← All scenarios

Scenario · Compound Incidents

Storage pressure and autovacuum failure

A sandboxed PostgreSQL incident — investigate with your own tools, submit a fix, and get deterministic Detect / Fix / Trap scoring.

L4 · 15–20 min · runs locally in Docker

Launch

Start this scenario

Boot it in a real PostgreSQL sandbox and investigate with psql, EXPLAIN and pg_stat_statements.

ride postgres start stage-11/10-storage-pressure-and-autovacuum-failure

Part of these paths

Show the postmortem & investigation hints spoilers
Storage pressure and autovacuum failure
Type: incident simulation · Topic: Compound Incidents · Level: L4 · Duration: 15–20 min
Launch: ride postgres start stage-11/10-storage-pressure-and-autovacuum-failure

POSTMORTEM (root cause · how it was found · the fix · lesson)
Root cause (compound): storage pressure on analytics_db with an underlying cleanup
failure.
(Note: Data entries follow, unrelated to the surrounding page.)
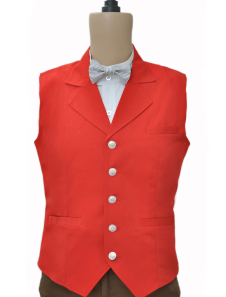 Gilet Vintage rouge costume steampunk gilet Costume vêtement masculin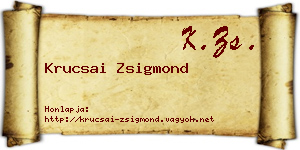 Krucsai Zsigmond névjegykártya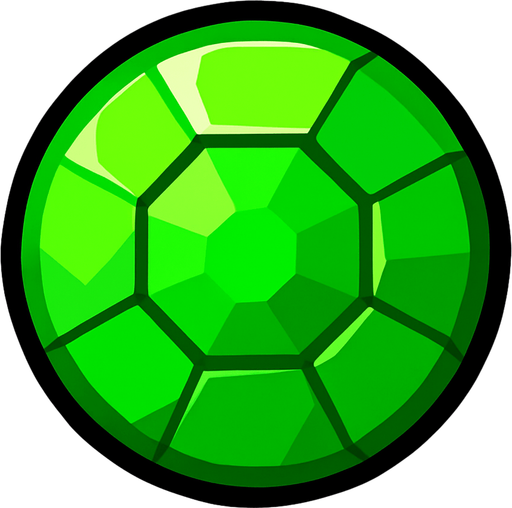 Green gem circle.
In-Game asset.  2d.  High contrast.  No shadows
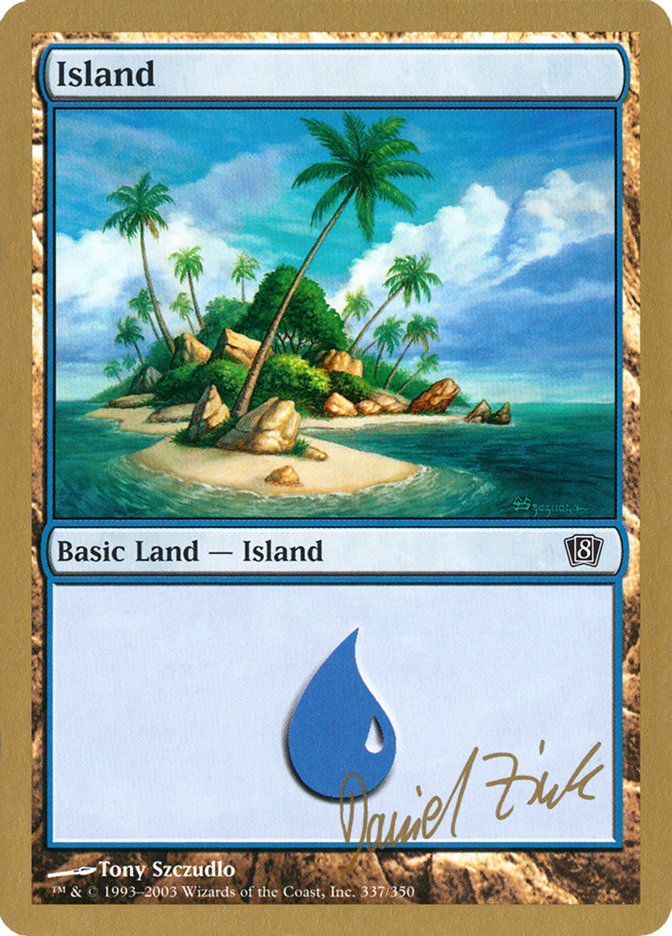 Island (dz337) (Daniel Zink) [World Championship Decks 2003] | RetroPlay Games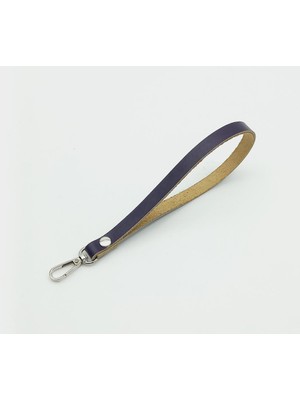 Angel Çanta Aksesuar  Deri Mor Renk Elcik Gümüş Metalli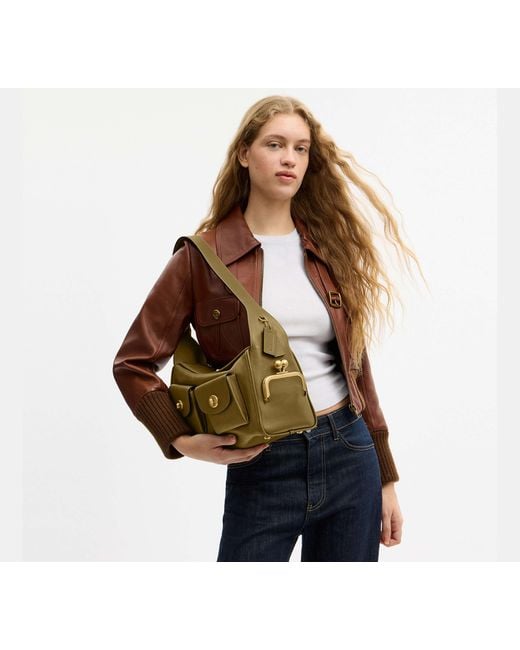 COACH Black Turnlock Haversack Bag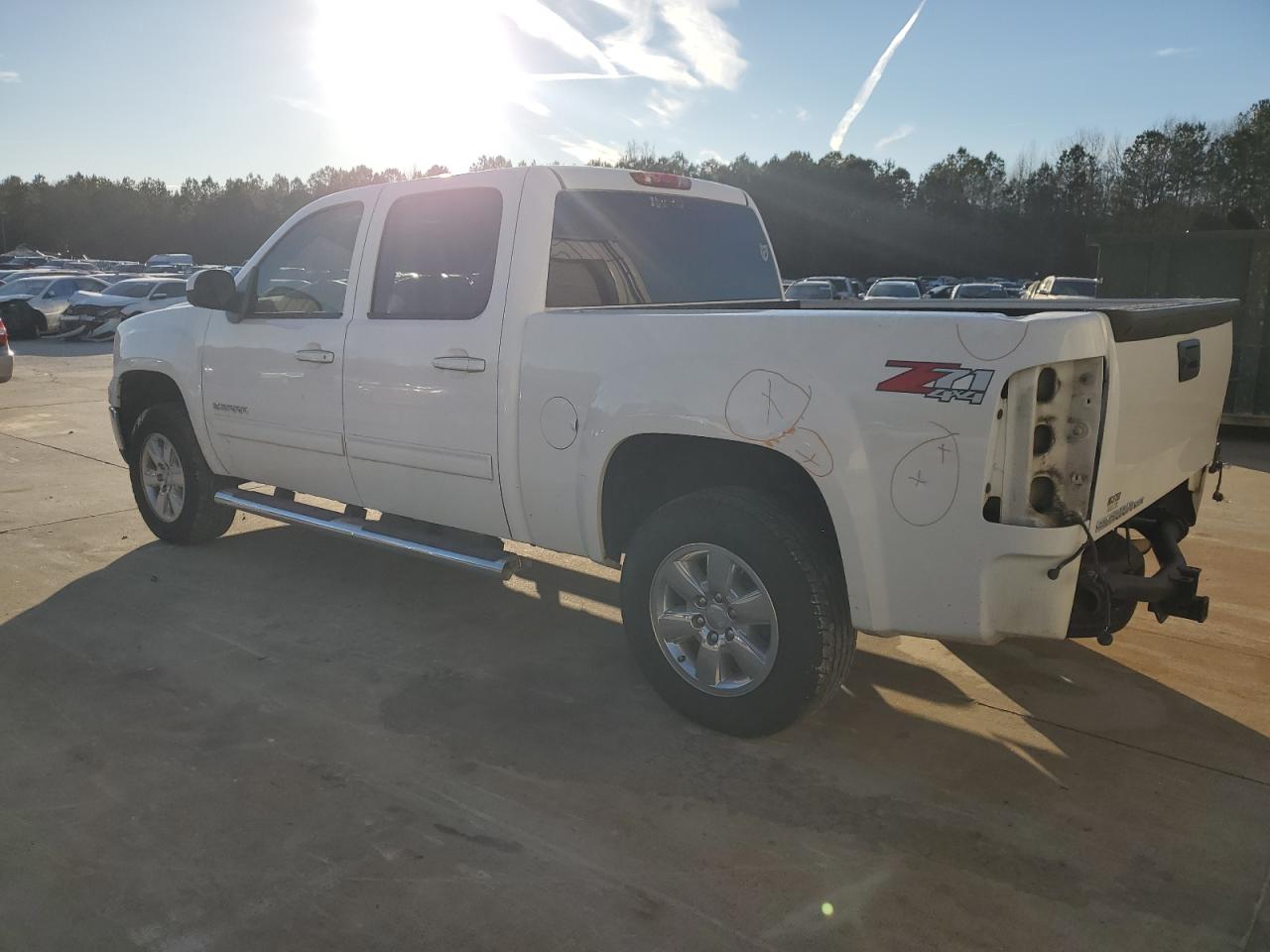 2012 GMC Sierra VIN 3GTP2WE7XCG240738 Copart auction photo, all over damage thumbnail 2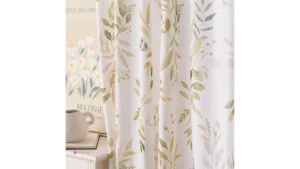 Linen Floral Curtains Clip Coupon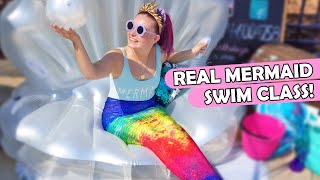 I Took A Real Mermaid Swimming Class [upl. by Amoritta]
Autovacuum was disabled on `events` and update/delete churn left a large
dead-tuple load, so the table kept growing and space was never reclaimed. The storage
symptom and the vacuum failure are the same problem — and reaching for VACUUM FULL
(a heavy exclusive-lock rewrite) or an index is the wrong move. app_db was a healthy
decoy.

How it was found: pg_stat_user_tables showed high n_dead_tup with no recent
autovacuum; pg_class.reloptions showed autovacuum_enabled = false on events.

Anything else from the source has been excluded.